> [WHAT IS NEEDED]:
Look below for the line that has "Казанская №93, Ксения Казанская"; output exactly from it through the line that has "Leadtek WIN FAST", and leave the pictures out.

> [DATA TO PROCESS]:
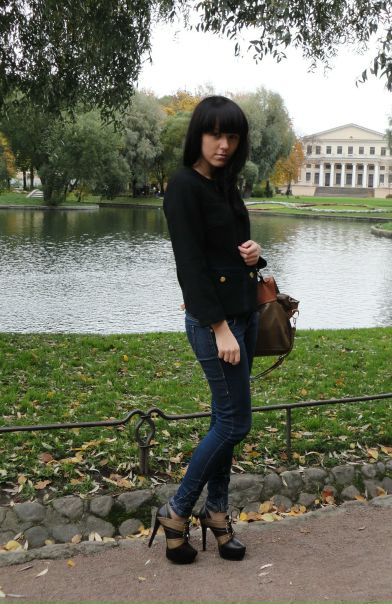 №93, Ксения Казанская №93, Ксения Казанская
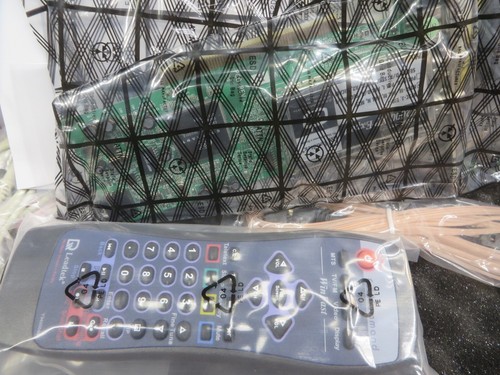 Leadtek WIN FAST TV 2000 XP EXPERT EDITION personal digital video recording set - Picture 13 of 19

* * *

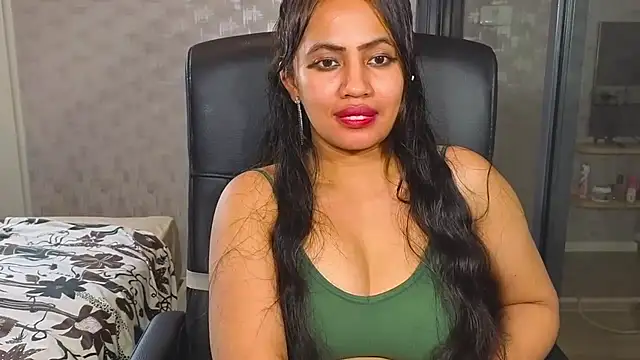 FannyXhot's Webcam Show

> [ANSWER SECTION]:
 №93, Ксения Казанская №93, Ксения Казанская
 Leadtek WIN FAST TV 2000 XP EXPERT EDITION personal digital video recording set - Picture 13 of 19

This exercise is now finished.